Bagi Sayyid Qutb, sosok al-Aqqad merupakan gerbang menuju pemikiran terbuka. Sebagai sastrawan sekaligus aktivis partai, al-Aqqad berideologi dan standar kesastraan yang teguh. Atas sarannya pula, Sayyid Qutb berkonsen pada bentuk sastra prosa, alih-alih sajak yang khas budaya Arab-Mesir.
Sayyid Qutb juga mulai giat membaca karya-karya sastra dari Barat, utamanya genre novel, puisi modern, dan drama, yang telah diterjemahkan ke dalam bahasa Arab. Lebih lanjut, dia semakin memperluas cakrawala dengan melahap buku-buku Barat tentang psikologi, teori evolusi, biologi, kimia, dan sains, semisal teori relativitas Einstein. Pada 1932, saat masih berstatus murid di Darul Ulum, dia menerbitkan karya penting pertamanya mengenai kritik sastra, Muhimmat asy-Syair fi al-Hayah.

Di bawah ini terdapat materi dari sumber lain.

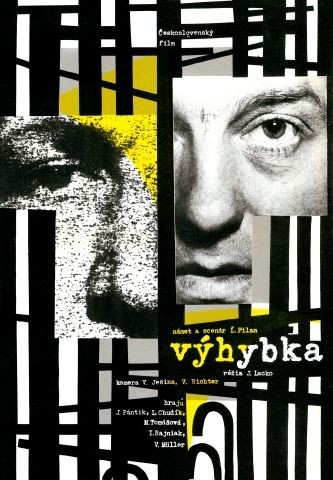 Film Výhybka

Menurut Musallam, Sayyid Qutb memandang fungsi sastra sebagai penghubung antara apa-apa yang seharusnya dan yang senyatanya terjadi, serta mendekatkan manusia pada tujuan yang luhur. Dia juga tidak sejalan dengan ideologi sastra untuk sastra. Sayyid Qutb menegaskan, seorang sastrawan dengan kebebasan yang dimilikinya mesti peka terhadap kehidupan dan kondisi masyarakat di sekitarnya.

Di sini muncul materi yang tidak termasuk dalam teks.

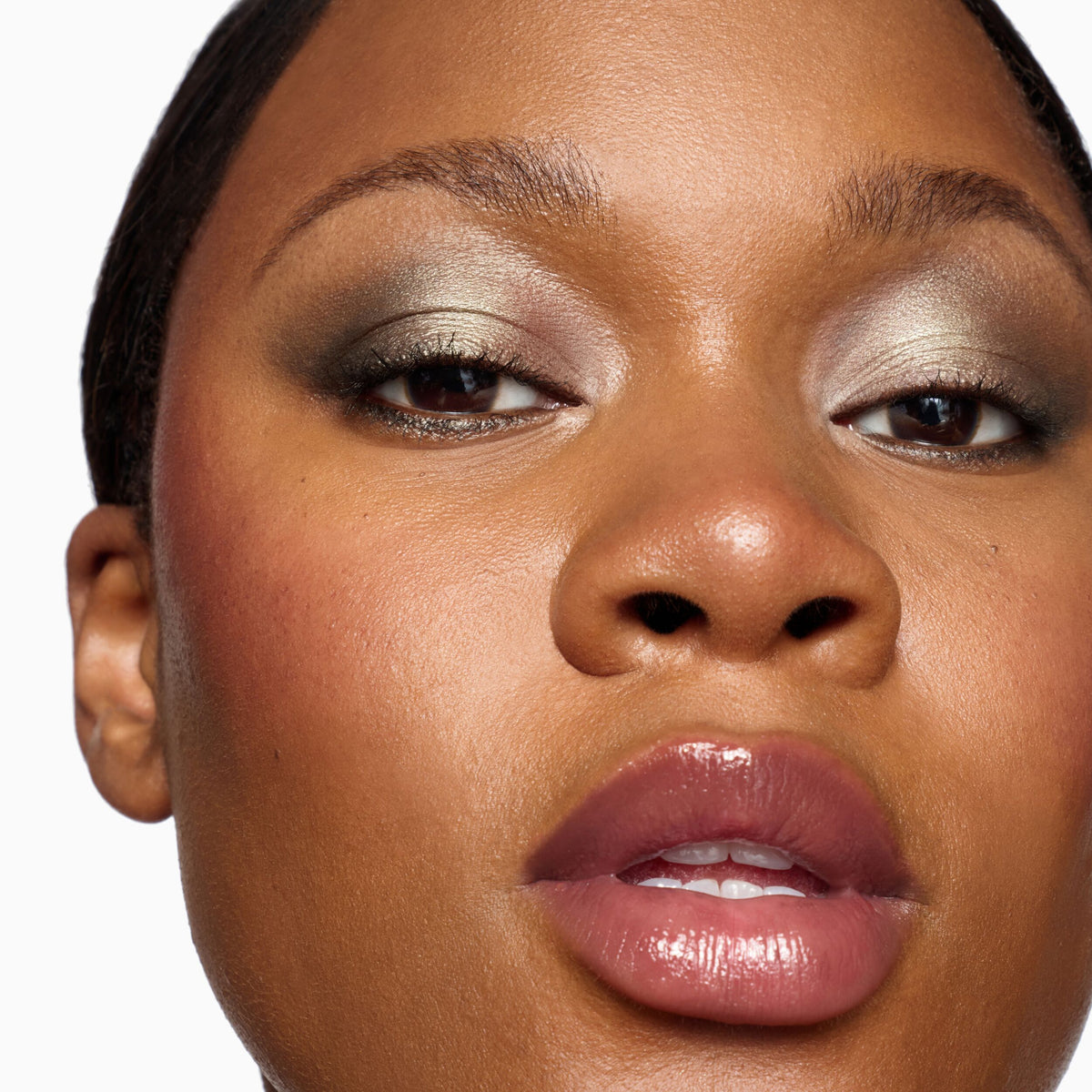 Refillable Makeup Refillable Eyeshadow Quad & Keep Me™ Palette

Akan tetapi, jelas Musallam, dia masih seturut dengan aliran romantik yang memandang seorang penyari berkedudukan lebih mulia ketimbang massa tanpa harus berjarak dengan mereka. Pada 1935, Sayyid Qutb menerbitkan antologi sajak-sajaknya yang telah tersebar di pelbagai media. Kumpulan puisi itu diberinya judul al-Syati al-Majhul (Pesisir yang tak ternamai). Tema eksistensi manusia yang gelisah akan makna kehidupan dan kematian cukup dominan dalam buku tersebut.
Pada masa itu, Sayyid Qutb sendiri dapat dikatakan sebagai intelektual yang gelisah. Di satu sisi, kegelisahan ini dapat bersumber dari konteks zamannya. Musallam mengutip komentar sejarawan Badawi bahwa situasi sosial-politik Mesir pada era 1930-an cukup merosot. Banyak kalangan penulis yang memilih tema kesepian karena putus asa dengan kondisi masyarakat yang pesimistis. Di sisi lain, melalui tulisan-tulisannya Sayyid Qutb merasa gelisah karena takut terlalu mengekor nama besar al-Aqqad. Betapapun begitu, al-Aqqad sendiri kerap menegaskan, akal budi manusia-lah yang akan menuntun jalan setiap penyair. Sejak 1940-an, hubungan Sayyid Qutb dengan mentor sastranya itu memang mulai merenggang.